May 20, 2014

Oh! So... did you see there's another basketball ball villain?

It's not just Don Sterling anymore.

ADDED: "The emails were so vulgar that most of their content could not be printed here," writes the NYT.
The emails were so vulgar that most of their content could not be printed here. But if you can imagine how a 14-year-old, puberty-driven boy might discuss girls to his 14-year-old, puberty-driven friends, you pretty much have an idea of what Scudamore — a 54-year-old father of five, including two daughters — considered appropriate banter in his work email.

48 comments:

Skeptical Voter said...

Well it's kind of amusing that this appears in the New York Times, which has had its own issues with women in the last week or two.

And for our host--whatever Scudamore is he's not "another basketball villain". The sport involved is football in England's Premier League (professional soccer to we Yanks).
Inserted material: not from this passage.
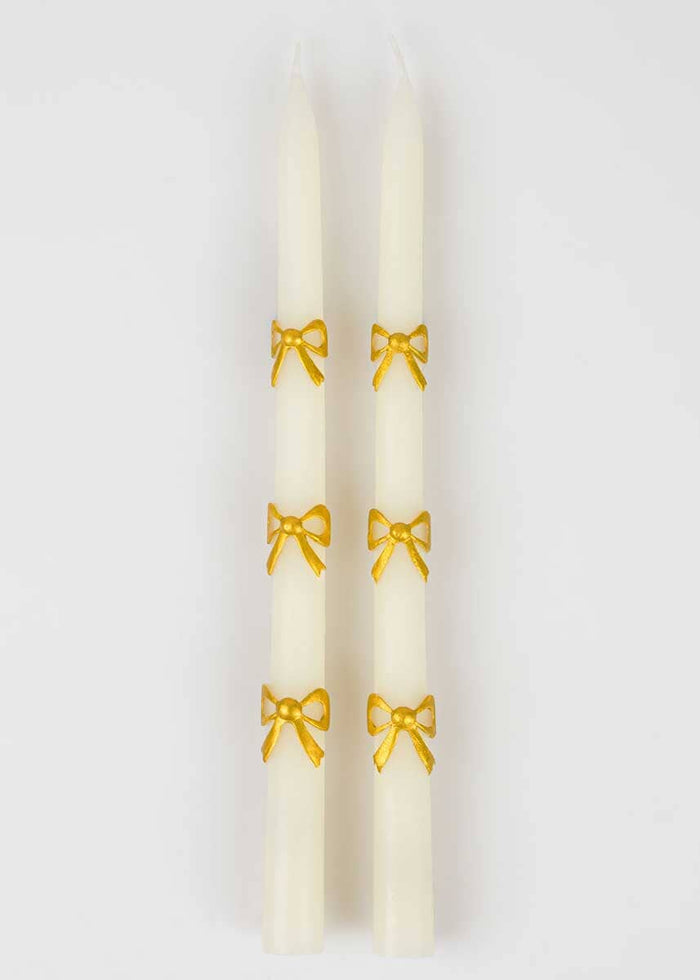 Gold Bow Taper Candles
English football has long been the home of the lager lads, and booze and sex are their main preoocupations--other than attending football games, singing for the home team, and being general hooligans.

rhhardin said...

crude jokes, comments in which he questioned “female rationality” and sexual innuendo about women.

"Now don't try to reason with me."

- New Yorker cartoon, wife to man.

John Cunningham said...

You may want to read the article a bit more closely, it is the British Premier League, or soccer football.

jr565 said...

So now it's sexism that will get you booted? Lets look at the ball players, and see how many of them are cheating on their woman and/or have spoken ill of the ladies and void their contracts.

jr565 said...

If any basketball player doesn't support gay marriage he shouldn't be allowed on the court.

raf said...

Soccer, not basketball, this time.

Although they persist in calling it football.

FullMoon said...

I read the article.
Another invasion of privacy.
The guy probably forwards a bunch of stupid jokes, thinking his friends will be amused.
I get tons of crap from well meaning friends, most of it not funny, just stupid.
But then, I have an Aristocratic sense of humor

The Crack Emcee said...

What did he say?

Must be pretty bad if no one will print it,...

Curious George said...

Premier League isn't basketball, it's soccer.

Ann Althouse said...

Sorry. Some damned ball.

Ann Althouse said...

I'm a girl. What do I know?

rhhardin said...

They have brain scanners that can tell what you're thinking.

They don't use them at airports yet because they don't work on women.

Drago said...

Ann: "Ann Althouse said...
I'm a girl. What do I know?"

Precisely.

It's always amusing when the "skirts" (pronounced "skoits") start talking sports.

Those adorable dames.

grackle said...

BTW, watching First Take today I saw Stephen A. Smith, a prominent sports analyst, made the exact same points I made days ago about the upcoming NBA owners vote: It better be soon, it better be public and it better be unanimous.

I believe the owners will do just that. They just HAVE to know that they are playing with fire with this Sterling situation. Smith went on to say that in addition the owners had better be unequivocal in ousting Sterling, another point I have put forth. No half-hearted measures will suffice to cool the heat and might just spur the pace of dissention which could thunder across the normally quiet hills of the NBA.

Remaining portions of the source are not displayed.